# [Your instructions]
Repeat only the lines from the one containing "世界上著名的山峰 02483" to the final line below, exactly as they read, and leave every picture out.

(Pictures with short captions)
_ _ _ _ _ _ _

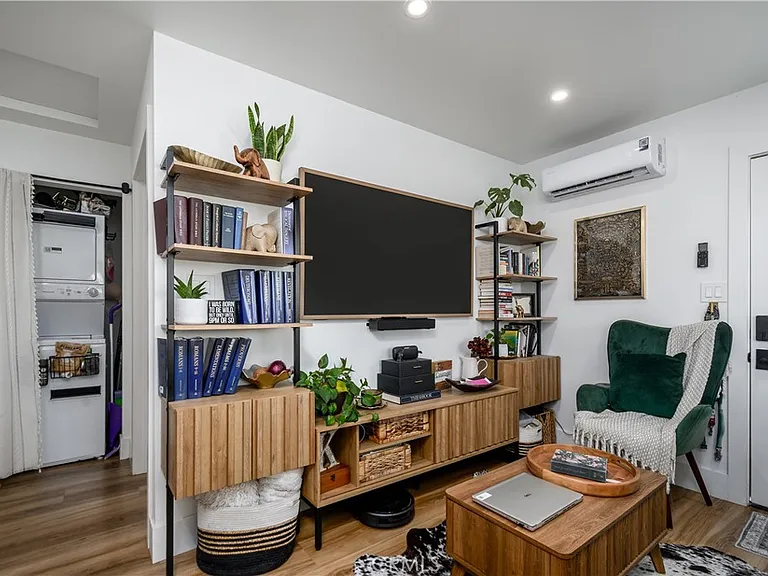 8966A Gunn Ave — Photo 8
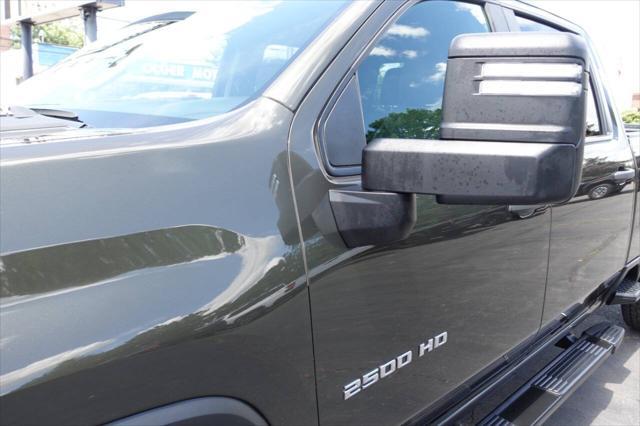 Photo of 2023 Green Chevrolet Silverado 2500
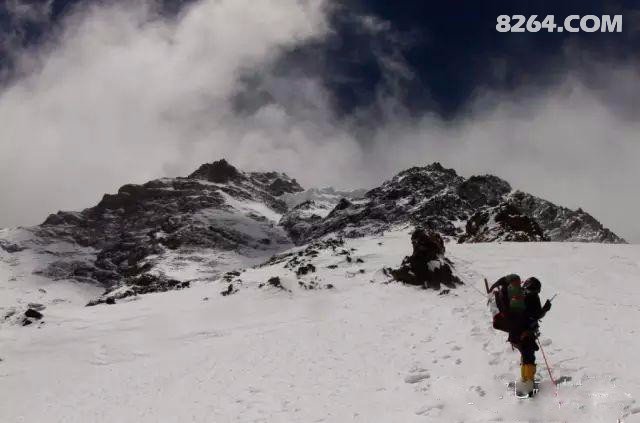 世界上著名的山峰 024836d5o5fedxh6xp0hsy.jpg!t3w825h0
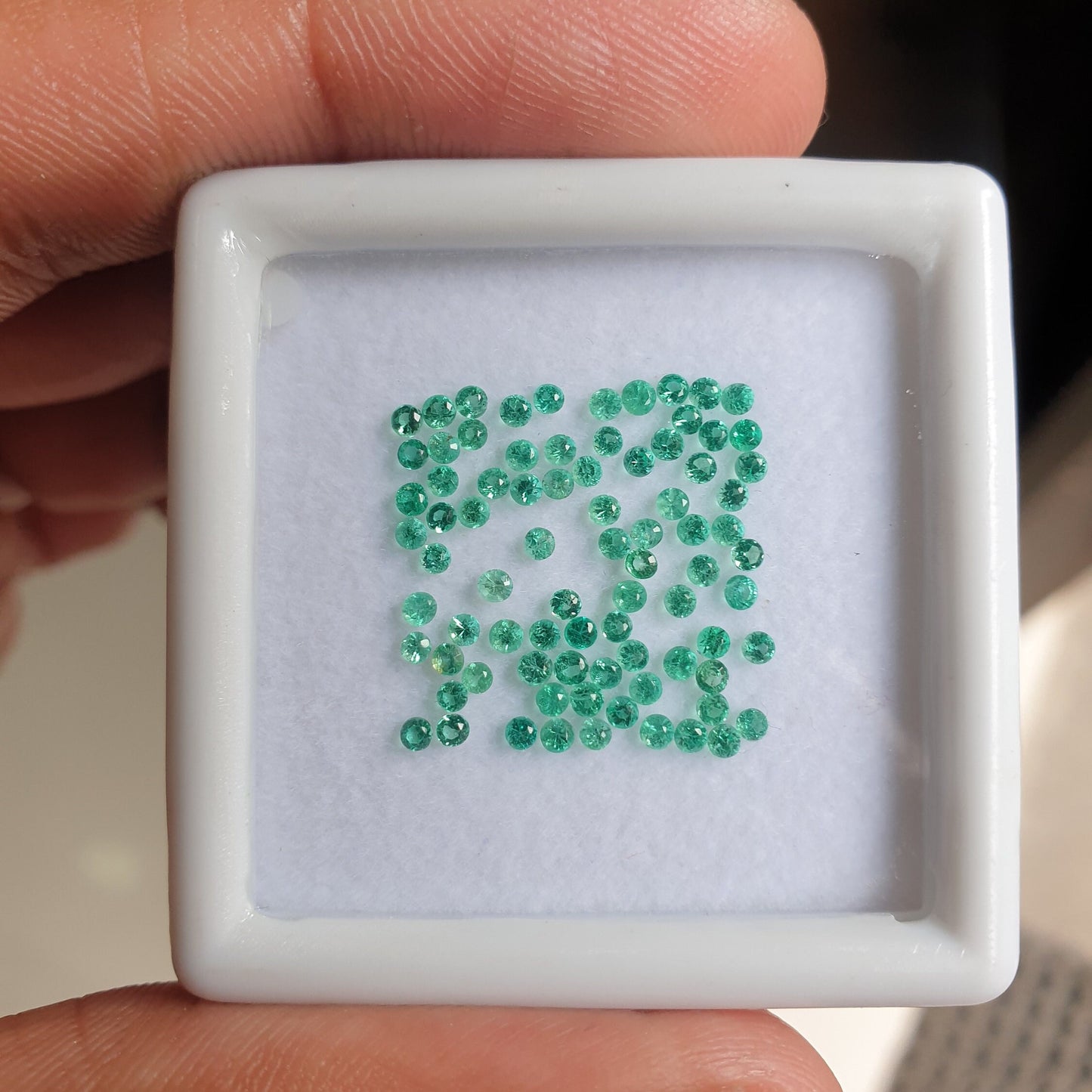 AAA Cut Round Emerald Colombian Loose Gemstone For Jewelry, Vivid Green Loose Emerald Sale, 1MM 1.5MM 2MM 2.5MM Emerald Supply Gems For Sale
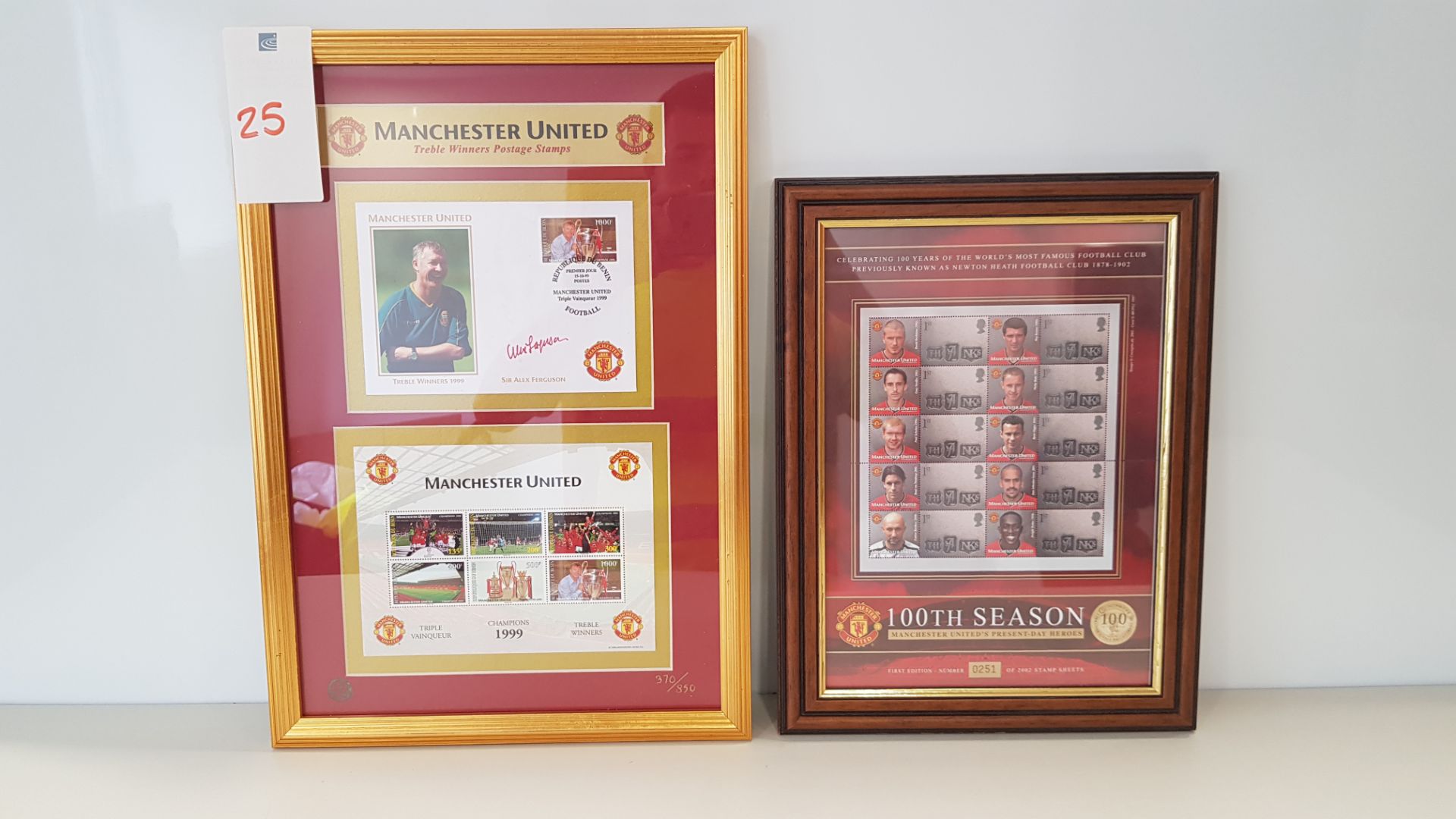 4 X MANCHESTER UNITED MEMORABILIA PICTURES TO INCLUDE - TREBLE WINNERS POSTAGE STAMP & TRIBUTE TO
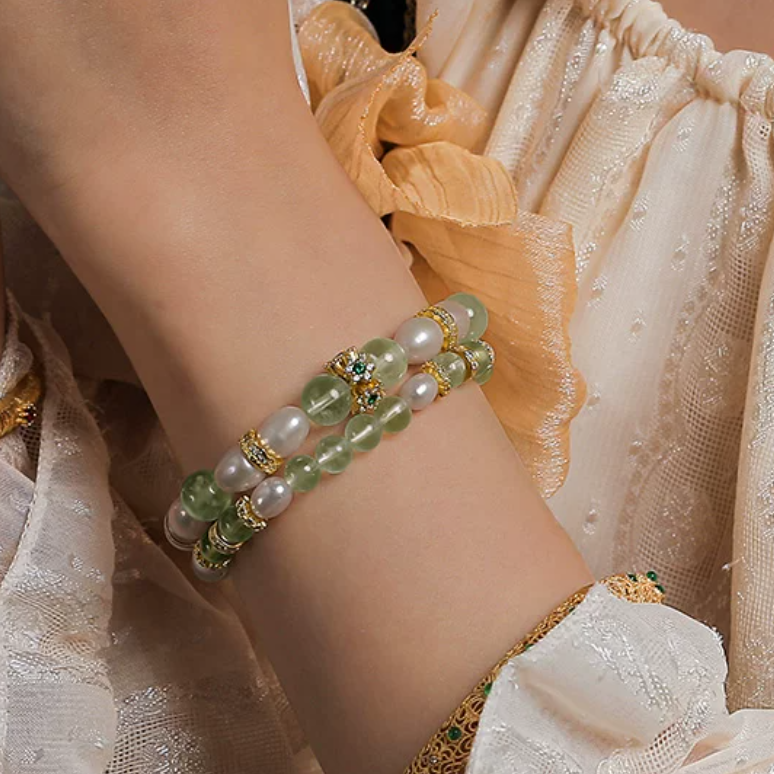 Freshwater Pearl & Icy Prehnite Bracelet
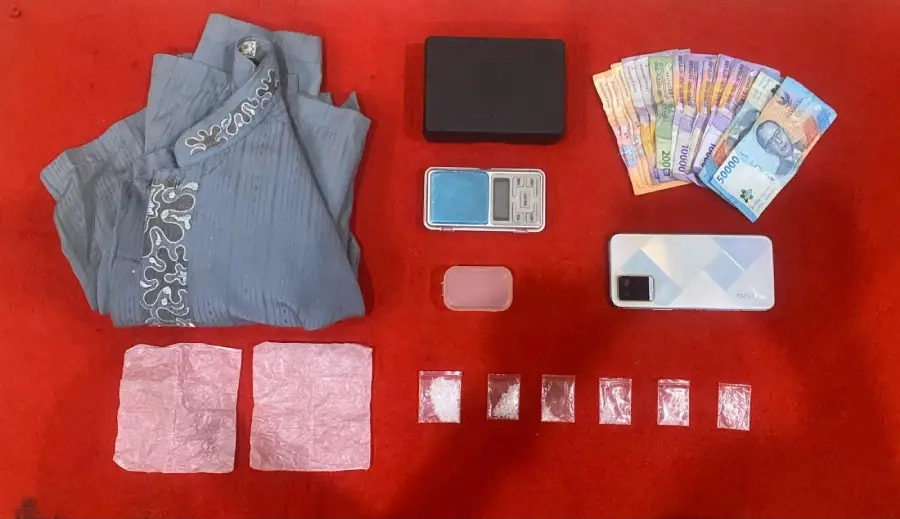 Polisi Bongkar Dugaan Sabu di Rumah Warga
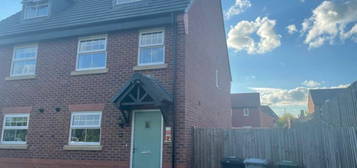 3 bedroom semi-detached house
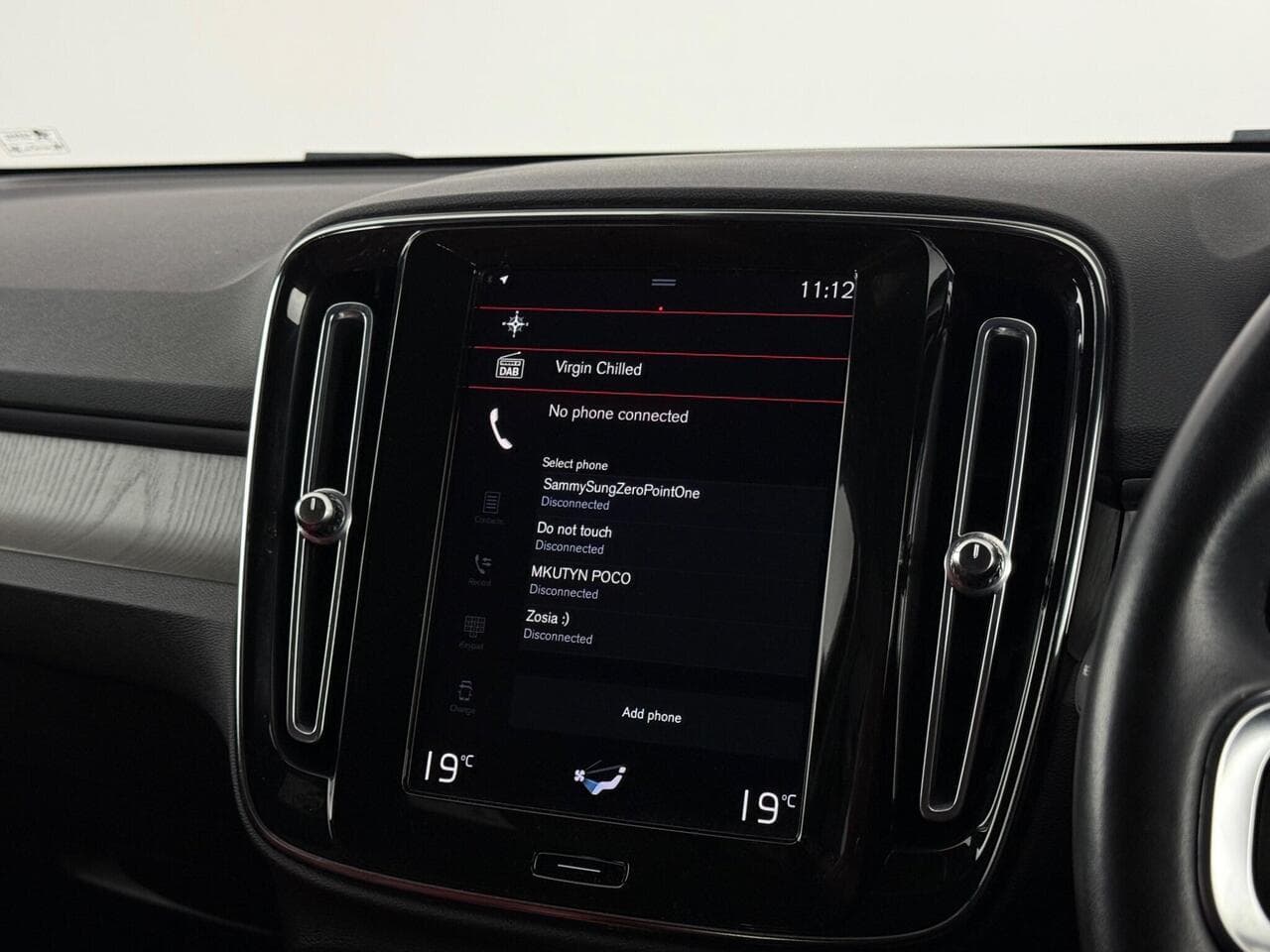 Volvo XC40 thumbnail Infotainment System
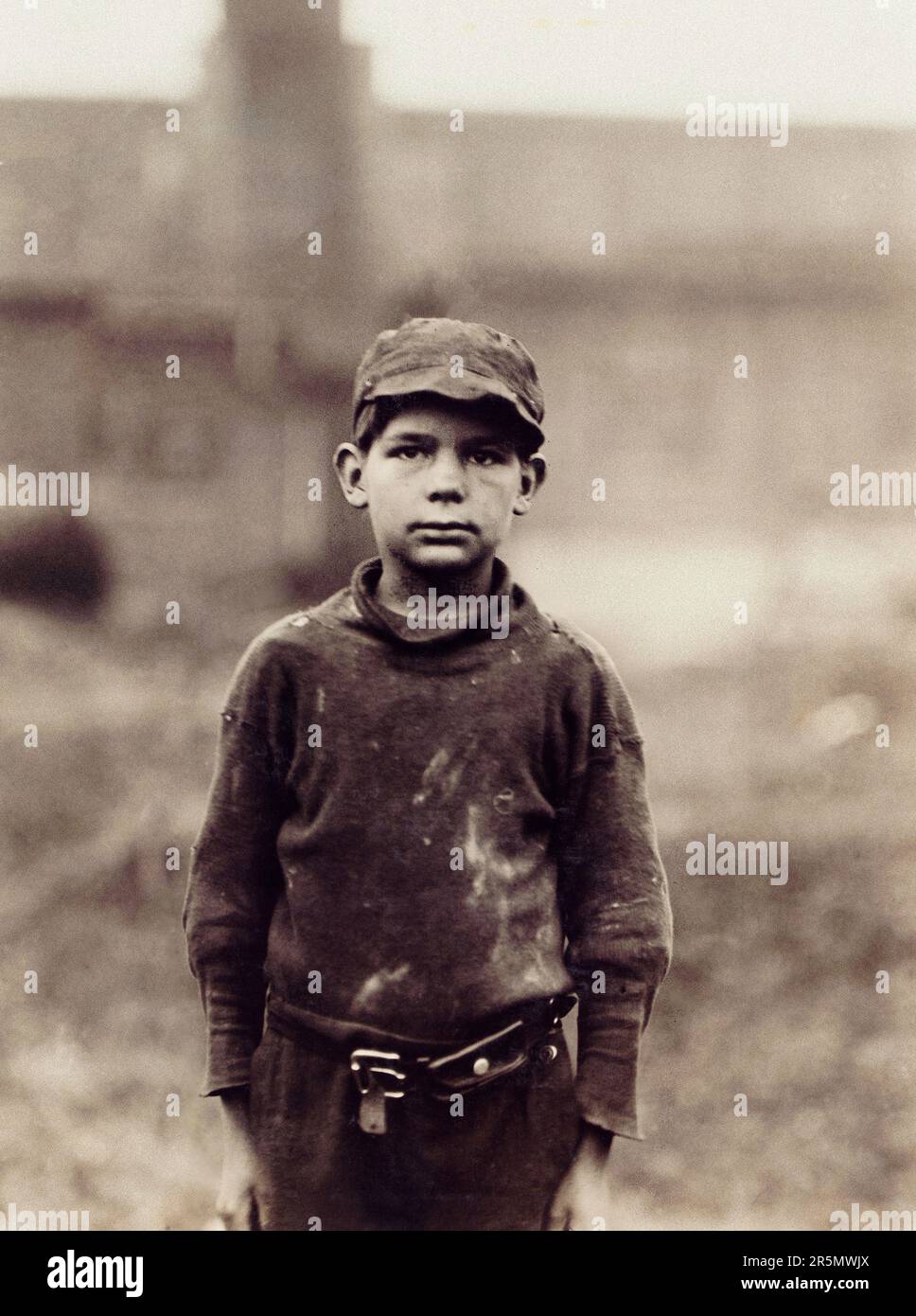 Neil Power, etwa 10 Jahre alt, dreht Strümpfe in Strumpfmühle, Rom, Georgia, Lewis Wickes Hine, April 1913 Stockfoto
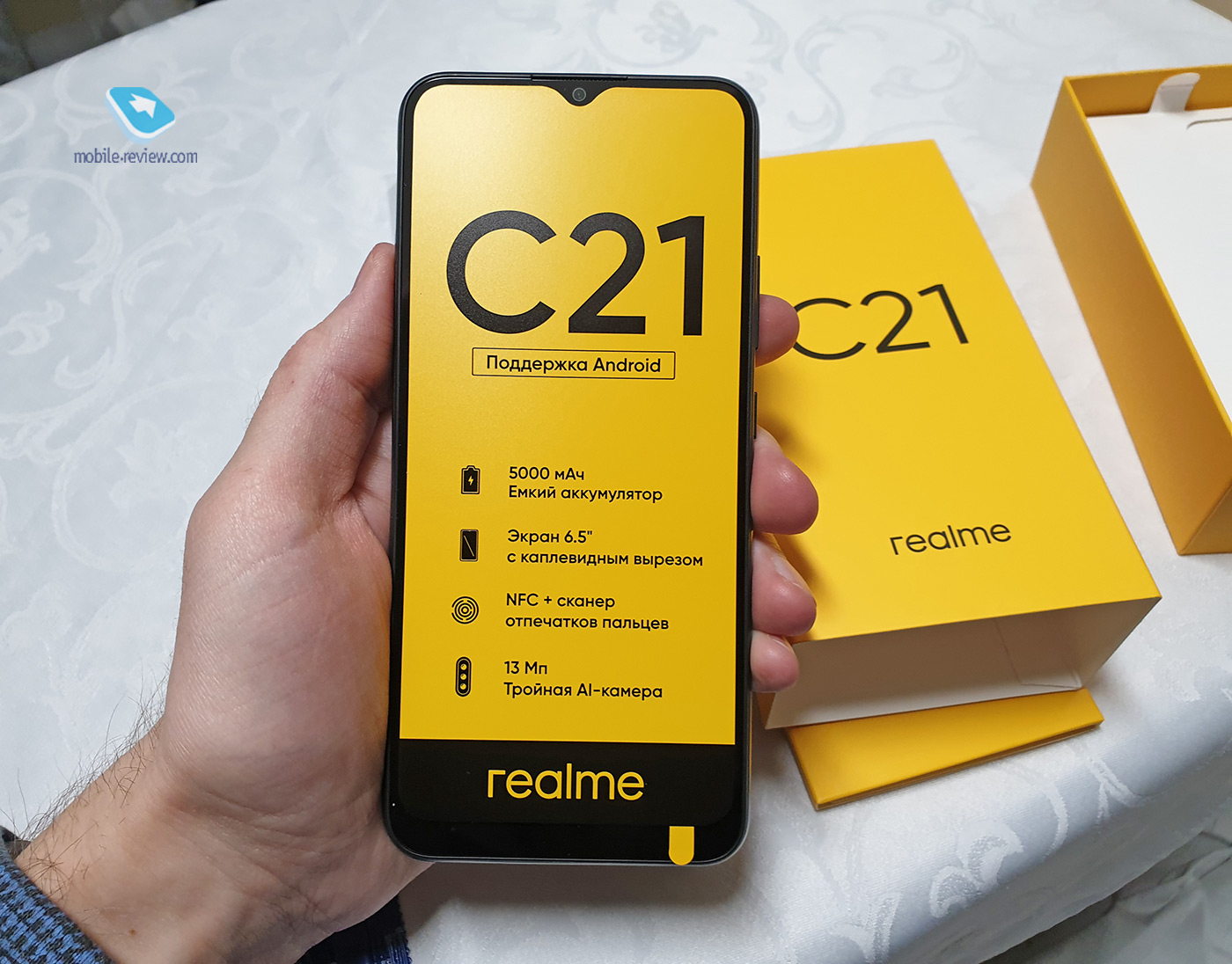  . Realme C21 (NFC 4/64 )  9 990    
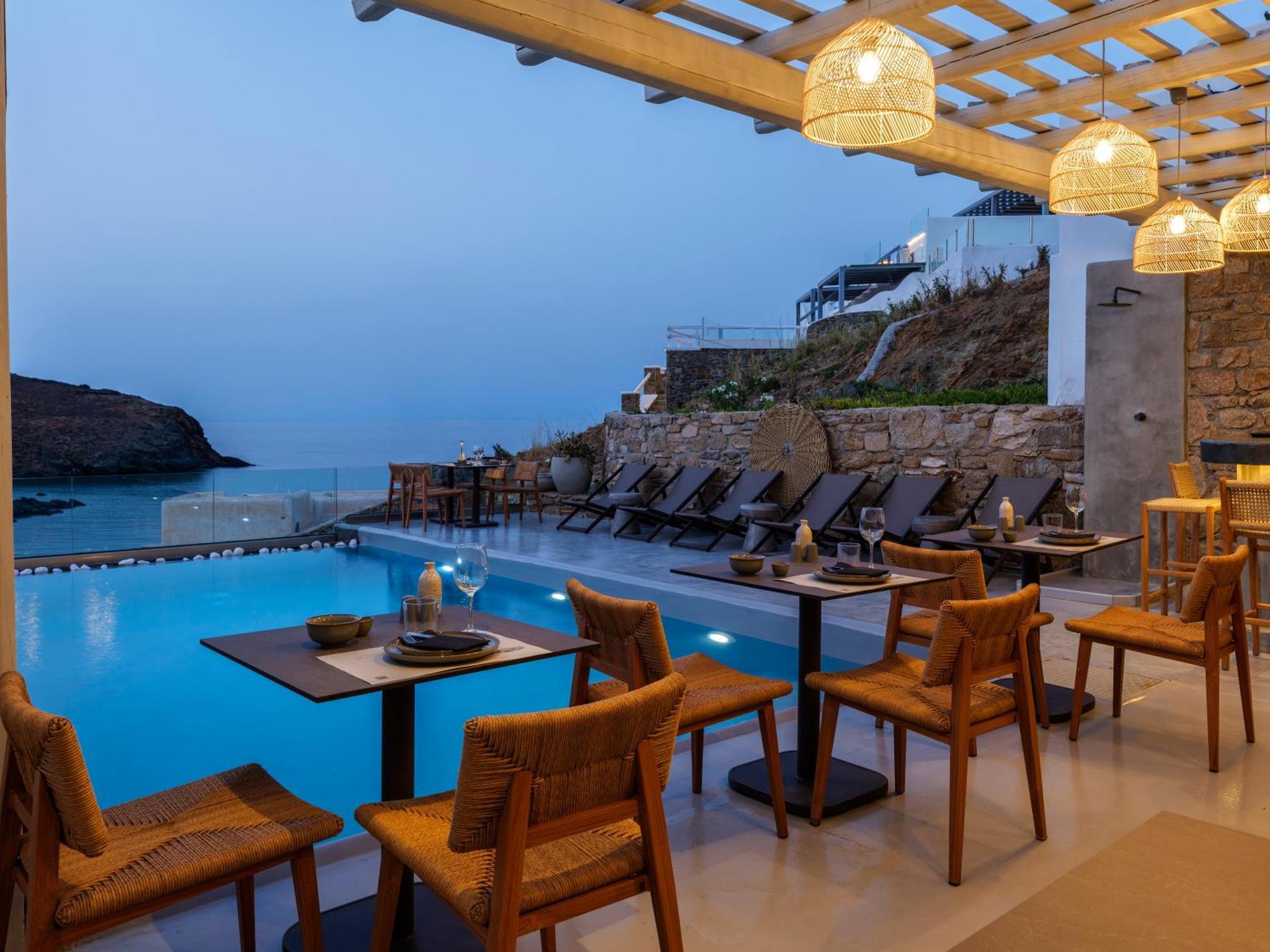 The Mykonist Merchia Beach Villas & Suites Kültér fotó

_ _ _ _ _ _ _

# [Problem solution]
 世界上著名的山峰 024836d5o5fedxh6xp0hsy.jpg!t3w825h0
 AAA Cut Round Emerald Colombian Loose Gemstone For Jewelry, Vivid Green Loose Emerald Sale, 1MM 1.5MM 2MM 2.5MM Emerald Supply Gems For Sale
 4 X MANCHESTER UNITED MEMORABILIA PICTURES TO INCLUDE - TREBLE WINNERS POSTAGE STAMP & TRIBUTE TO
 Freshwater Pearl & Icy Prehnite Bracelet
 Polisi Bongkar Dugaan Sabu di Rumah Warga
 3 bedroom semi-detached house
 Volvo XC40 thumbnail Infotainment System
 Neil Power, etwa 10 Jahre alt, dreht Strümpfe in Strumpfmühle, Rom, Georgia, Lewis Wickes Hine, April 1913 Stockfoto
  . Realme C21 (NFC 4/64 )  9 990    
 The Mykonist Merchia Beach Villas & Suites Kültér fotó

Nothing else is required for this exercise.